- **EXERCISE INSTRUCTIONS**: Print the data exactly as written, line for line, and leave its pictures behind.

"""

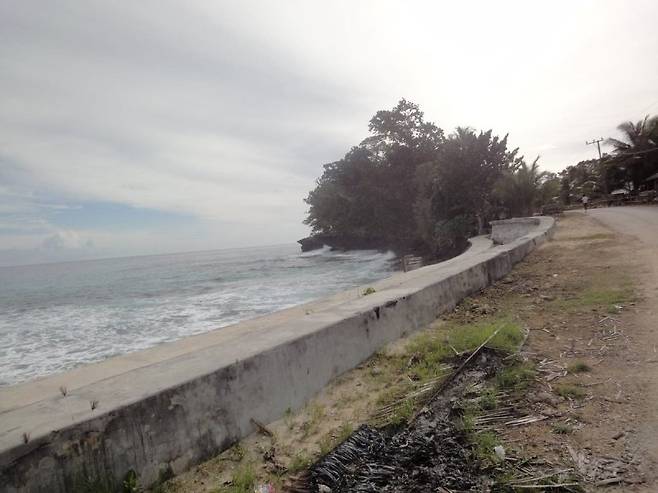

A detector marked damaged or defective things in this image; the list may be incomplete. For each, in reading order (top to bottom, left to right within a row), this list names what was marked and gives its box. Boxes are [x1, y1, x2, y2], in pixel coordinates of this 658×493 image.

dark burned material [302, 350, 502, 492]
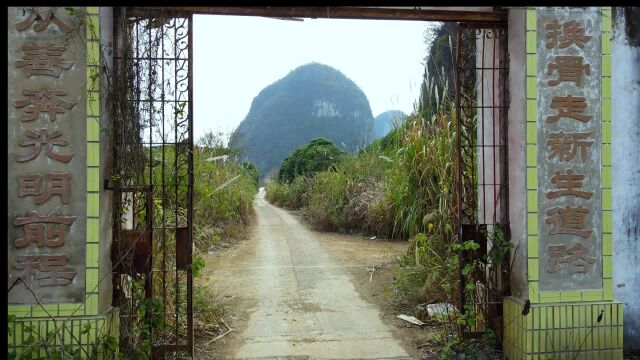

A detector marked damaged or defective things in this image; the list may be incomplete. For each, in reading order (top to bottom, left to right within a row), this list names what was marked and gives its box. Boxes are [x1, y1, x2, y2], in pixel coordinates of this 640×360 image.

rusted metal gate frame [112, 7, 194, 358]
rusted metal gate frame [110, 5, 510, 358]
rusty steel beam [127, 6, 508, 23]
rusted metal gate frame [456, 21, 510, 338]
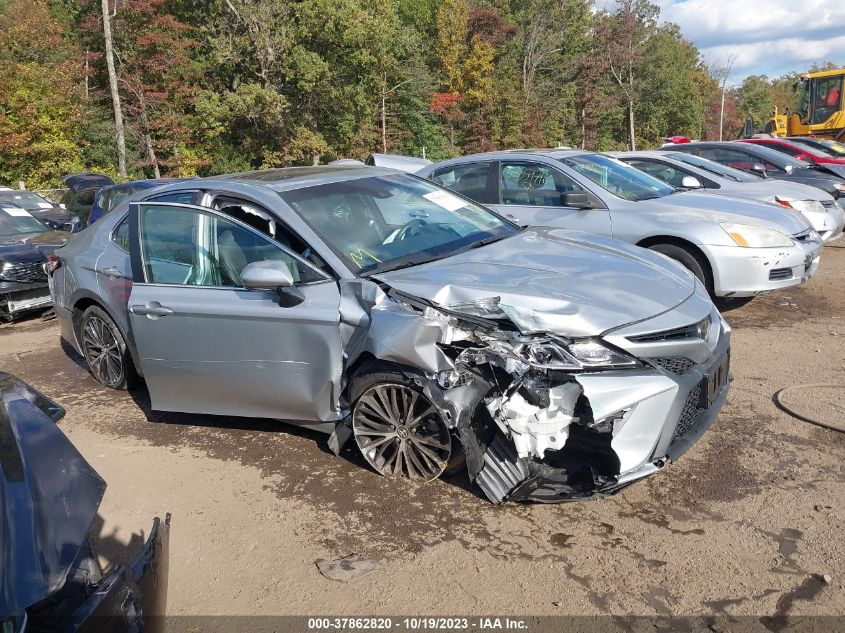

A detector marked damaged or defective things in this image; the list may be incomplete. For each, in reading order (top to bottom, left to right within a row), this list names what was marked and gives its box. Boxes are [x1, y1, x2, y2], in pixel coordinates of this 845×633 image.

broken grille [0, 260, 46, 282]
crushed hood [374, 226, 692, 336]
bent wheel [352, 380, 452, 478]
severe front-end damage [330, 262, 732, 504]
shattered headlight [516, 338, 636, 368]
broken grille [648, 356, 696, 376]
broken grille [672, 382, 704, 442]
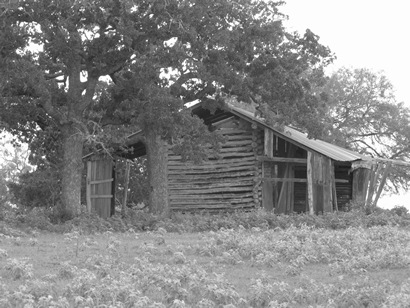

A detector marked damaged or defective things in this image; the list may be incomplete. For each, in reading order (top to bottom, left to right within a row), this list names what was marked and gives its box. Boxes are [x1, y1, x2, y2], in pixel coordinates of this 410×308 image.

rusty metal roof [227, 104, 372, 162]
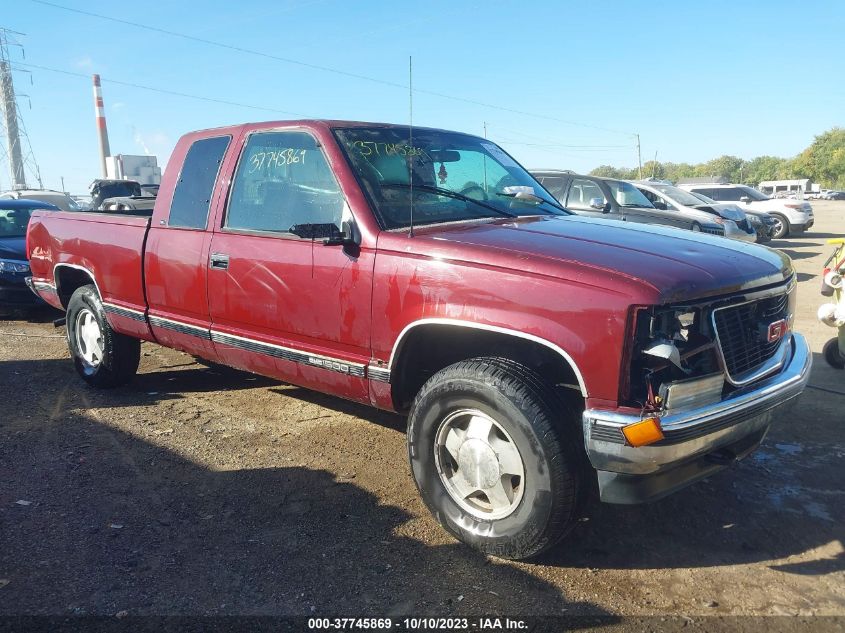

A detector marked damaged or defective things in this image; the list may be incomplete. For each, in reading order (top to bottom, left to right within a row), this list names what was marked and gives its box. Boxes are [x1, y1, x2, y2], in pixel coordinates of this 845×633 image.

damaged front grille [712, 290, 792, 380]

"""

- **YOUR SOLUTION**:
A detector marked damaged or defective things in this image; the list may be incomplete. For each, in reading order (top to bottom, left to right within a row), this list names what was marked and gives its box. Boxes are [x1, y1, x2, y2], in pixel coordinates of this 658×493 image.

dark burned material [302, 350, 502, 492]

A detector marked damaged or defective things in this image; the list may be incomplete. For each, in reading order (top to bottom, left to right within a row), this list names what was marked and gives its box. Boxes are [x1, y1, x2, y2], in pixel coordinates of this 640×360 image.

rusted metal gate frame [112, 7, 194, 358]
rusted metal gate frame [110, 5, 510, 358]
rusty steel beam [127, 6, 508, 23]
rusted metal gate frame [456, 21, 510, 338]

A detector marked damaged or defective things in this image; the list may be incomplete. For each, in reading order (top to bottom, left to right within a row), this list names what was marked and gives its box. Boxes are [x1, y1, x2, y2], in pixel coordinates of this 845×633 image.

broken grille [0, 260, 46, 282]
crushed hood [374, 226, 692, 336]
bent wheel [352, 380, 452, 478]
severe front-end damage [330, 262, 732, 504]
shattered headlight [516, 338, 636, 368]
broken grille [648, 356, 696, 376]
broken grille [672, 382, 704, 442]

A detector marked damaged or defective things in this image; the list may be incomplete. For each, in reading order (top to bottom, left to right within a row), this list names what was marked and gives its box. Boxes are [x1, y1, x2, y2], in pixel coordinates of this 410×308 image.

rusty metal roof [227, 104, 372, 162]

A detector marked damaged or defective things in this image; the list may be incomplete. For each, in reading order (top to bottom, left to right within a row), this list names what was marked and gives its box. Boxes are [x1, y1, x2, y2], in pixel coordinates of this 845×633 image.

damaged front grille [712, 290, 792, 380]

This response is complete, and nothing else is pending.